● Work required: Given the entries that follow, write out exactly the lines starting at the one containing "Libertine Libertine Alert Washed Blue" and ending at the one containing "Jimi Hendrix — Wikinabia", both ends included, and only those.

*** Exercise data Section Begins ***

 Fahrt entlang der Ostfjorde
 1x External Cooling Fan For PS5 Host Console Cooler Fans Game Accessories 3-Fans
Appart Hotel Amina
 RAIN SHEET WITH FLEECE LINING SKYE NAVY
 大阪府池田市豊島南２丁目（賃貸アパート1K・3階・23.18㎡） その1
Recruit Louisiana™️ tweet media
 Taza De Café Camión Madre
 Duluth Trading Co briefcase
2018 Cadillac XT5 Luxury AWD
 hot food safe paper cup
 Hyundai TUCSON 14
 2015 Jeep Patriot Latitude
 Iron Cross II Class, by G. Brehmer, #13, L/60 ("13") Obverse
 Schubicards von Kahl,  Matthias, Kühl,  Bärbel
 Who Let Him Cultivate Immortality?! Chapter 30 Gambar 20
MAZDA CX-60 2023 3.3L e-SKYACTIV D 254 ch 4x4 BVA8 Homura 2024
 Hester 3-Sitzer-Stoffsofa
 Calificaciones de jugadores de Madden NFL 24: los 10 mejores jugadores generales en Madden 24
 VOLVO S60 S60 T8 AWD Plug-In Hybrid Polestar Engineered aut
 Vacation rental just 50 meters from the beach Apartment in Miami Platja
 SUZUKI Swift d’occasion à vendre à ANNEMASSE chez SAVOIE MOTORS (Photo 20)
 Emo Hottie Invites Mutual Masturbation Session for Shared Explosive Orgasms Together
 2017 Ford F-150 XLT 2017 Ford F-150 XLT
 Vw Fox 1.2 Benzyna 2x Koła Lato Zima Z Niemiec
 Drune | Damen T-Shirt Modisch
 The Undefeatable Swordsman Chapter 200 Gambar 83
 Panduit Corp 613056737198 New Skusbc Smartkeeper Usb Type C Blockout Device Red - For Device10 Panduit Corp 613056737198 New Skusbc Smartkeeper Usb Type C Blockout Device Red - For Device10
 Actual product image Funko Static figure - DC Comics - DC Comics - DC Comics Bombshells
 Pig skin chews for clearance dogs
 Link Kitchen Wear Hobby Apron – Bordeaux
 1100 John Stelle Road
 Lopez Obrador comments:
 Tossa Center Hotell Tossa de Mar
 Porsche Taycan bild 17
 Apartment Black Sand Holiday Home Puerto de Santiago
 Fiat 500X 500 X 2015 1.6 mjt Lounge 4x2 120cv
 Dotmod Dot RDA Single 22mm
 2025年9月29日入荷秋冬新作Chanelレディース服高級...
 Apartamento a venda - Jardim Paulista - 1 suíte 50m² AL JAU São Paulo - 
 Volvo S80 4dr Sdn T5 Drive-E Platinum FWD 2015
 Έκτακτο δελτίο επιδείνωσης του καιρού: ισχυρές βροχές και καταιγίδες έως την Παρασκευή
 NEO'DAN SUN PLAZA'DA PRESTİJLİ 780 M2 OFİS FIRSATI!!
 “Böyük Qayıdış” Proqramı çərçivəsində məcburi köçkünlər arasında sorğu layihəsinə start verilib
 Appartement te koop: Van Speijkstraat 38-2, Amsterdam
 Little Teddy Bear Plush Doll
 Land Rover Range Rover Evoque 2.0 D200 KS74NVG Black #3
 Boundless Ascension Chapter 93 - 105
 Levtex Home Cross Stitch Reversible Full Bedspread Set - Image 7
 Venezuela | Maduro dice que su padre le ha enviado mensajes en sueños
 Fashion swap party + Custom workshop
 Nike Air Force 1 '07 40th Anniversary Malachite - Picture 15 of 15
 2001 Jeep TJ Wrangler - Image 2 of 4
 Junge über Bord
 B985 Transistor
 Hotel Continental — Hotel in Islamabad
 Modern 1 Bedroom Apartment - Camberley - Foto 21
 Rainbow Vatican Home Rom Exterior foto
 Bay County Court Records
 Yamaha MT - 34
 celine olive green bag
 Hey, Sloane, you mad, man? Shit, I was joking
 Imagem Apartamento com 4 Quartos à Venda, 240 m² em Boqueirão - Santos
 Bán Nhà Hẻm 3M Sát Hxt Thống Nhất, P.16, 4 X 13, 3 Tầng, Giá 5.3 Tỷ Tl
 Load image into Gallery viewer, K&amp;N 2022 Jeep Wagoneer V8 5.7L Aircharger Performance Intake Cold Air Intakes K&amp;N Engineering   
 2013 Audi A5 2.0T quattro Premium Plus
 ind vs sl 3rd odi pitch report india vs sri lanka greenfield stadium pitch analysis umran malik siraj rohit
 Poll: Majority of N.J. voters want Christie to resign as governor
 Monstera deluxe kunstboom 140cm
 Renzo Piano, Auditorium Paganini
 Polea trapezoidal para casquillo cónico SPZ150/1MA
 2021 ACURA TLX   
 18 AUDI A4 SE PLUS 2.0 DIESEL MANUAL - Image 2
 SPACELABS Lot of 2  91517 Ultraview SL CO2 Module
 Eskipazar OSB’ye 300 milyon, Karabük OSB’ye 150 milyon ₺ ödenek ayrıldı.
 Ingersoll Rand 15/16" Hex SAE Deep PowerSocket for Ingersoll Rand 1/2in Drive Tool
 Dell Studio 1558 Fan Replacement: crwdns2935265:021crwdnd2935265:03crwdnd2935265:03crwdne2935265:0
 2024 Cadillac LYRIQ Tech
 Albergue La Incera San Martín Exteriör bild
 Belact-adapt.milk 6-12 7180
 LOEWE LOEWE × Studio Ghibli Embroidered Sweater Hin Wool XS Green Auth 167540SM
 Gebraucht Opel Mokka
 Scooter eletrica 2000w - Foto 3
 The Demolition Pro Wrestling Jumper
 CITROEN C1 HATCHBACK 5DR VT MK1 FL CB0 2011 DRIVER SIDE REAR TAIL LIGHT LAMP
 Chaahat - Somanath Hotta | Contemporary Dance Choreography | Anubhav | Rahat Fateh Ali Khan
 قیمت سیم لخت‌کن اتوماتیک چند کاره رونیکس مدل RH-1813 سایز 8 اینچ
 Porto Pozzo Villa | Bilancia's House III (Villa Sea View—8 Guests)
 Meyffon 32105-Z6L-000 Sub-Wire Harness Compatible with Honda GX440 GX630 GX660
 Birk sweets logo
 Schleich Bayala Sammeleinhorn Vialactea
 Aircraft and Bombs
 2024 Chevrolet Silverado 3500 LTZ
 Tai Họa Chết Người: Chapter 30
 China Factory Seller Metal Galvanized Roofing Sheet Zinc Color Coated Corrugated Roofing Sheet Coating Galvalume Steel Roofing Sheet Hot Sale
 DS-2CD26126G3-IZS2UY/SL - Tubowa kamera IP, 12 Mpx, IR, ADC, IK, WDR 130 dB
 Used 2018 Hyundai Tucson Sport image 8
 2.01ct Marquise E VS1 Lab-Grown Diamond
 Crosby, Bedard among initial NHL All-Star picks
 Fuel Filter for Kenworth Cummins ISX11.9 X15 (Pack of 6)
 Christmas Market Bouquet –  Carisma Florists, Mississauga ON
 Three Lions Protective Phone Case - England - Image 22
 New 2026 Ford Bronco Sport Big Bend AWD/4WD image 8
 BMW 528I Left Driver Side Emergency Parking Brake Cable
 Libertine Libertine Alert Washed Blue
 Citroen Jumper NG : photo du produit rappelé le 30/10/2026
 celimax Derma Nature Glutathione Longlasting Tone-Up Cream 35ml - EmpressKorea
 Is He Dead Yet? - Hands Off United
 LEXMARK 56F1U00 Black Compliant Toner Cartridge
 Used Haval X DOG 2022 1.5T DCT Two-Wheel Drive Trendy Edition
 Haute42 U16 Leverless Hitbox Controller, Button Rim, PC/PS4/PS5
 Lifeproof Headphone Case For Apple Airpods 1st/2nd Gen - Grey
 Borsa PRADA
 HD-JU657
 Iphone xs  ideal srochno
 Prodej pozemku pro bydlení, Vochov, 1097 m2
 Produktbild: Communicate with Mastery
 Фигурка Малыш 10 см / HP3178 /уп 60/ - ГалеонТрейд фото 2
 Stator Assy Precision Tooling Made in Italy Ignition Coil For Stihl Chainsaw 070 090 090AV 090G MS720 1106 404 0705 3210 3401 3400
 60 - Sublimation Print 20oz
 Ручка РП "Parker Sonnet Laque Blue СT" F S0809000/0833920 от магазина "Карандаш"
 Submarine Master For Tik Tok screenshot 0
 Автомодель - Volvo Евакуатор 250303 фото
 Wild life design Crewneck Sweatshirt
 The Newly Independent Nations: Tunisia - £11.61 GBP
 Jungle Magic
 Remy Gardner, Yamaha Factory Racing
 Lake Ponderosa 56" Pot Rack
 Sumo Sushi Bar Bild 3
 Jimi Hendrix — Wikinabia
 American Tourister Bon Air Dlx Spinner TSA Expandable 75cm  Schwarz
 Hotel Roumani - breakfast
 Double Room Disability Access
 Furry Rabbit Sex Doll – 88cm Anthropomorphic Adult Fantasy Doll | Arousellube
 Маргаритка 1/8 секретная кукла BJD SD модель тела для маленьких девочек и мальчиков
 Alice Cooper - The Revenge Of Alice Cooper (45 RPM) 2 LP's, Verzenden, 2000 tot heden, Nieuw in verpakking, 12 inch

*** Exercise data Section Ends ***

● Task result:
 Libertine Libertine Alert Washed Blue
 Citroen Jumper NG : photo du produit rappelé le 30/10/2026
 celimax Derma Nature Glutathione Longlasting Tone-Up Cream 35ml - EmpressKorea
 Is He Dead Yet? - Hands Off United
 LEXMARK 56F1U00 Black Compliant Toner Cartridge
 Used Haval X DOG 2022 1.5T DCT Two-Wheel Drive Trendy Edition
 Haute42 U16 Leverless Hitbox Controller, Button Rim, PC/PS4/PS5
 Lifeproof Headphone Case For Apple Airpods 1st/2nd Gen - Grey
 Borsa PRADA
 HD-JU657
 Iphone xs  ideal srochno
 Prodej pozemku pro bydlení, Vochov, 1097 m2
 Produktbild: Communicate with Mastery
 Фигурка Малыш 10 см / HP3178 /уп 60/ - ГалеонТрейд фото 2
 Stator Assy Precision Tooling Made in Italy Ignition Coil For Stihl Chainsaw 070 090 090AV 090G MS720 1106 404 0705 3210 3401 3400
 60 - Sublimation Print 20oz
 Ручка РП "Parker Sonnet Laque Blue СT" F S0809000/0833920 от магазина "Карандаш"
 Submarine Master For Tik Tok screenshot 0
 Автомодель - Volvo Евакуатор 250303 фото
 Wild life design Crewneck Sweatshirt
 The Newly Independent Nations: Tunisia - £11.61 GBP
 Jungle Magic
 Remy Gardner, Yamaha Factory Racing
 Lake Ponderosa 56" Pot Rack
 Sumo Sushi Bar Bild 3
 Jimi Hendrix — Wikinabia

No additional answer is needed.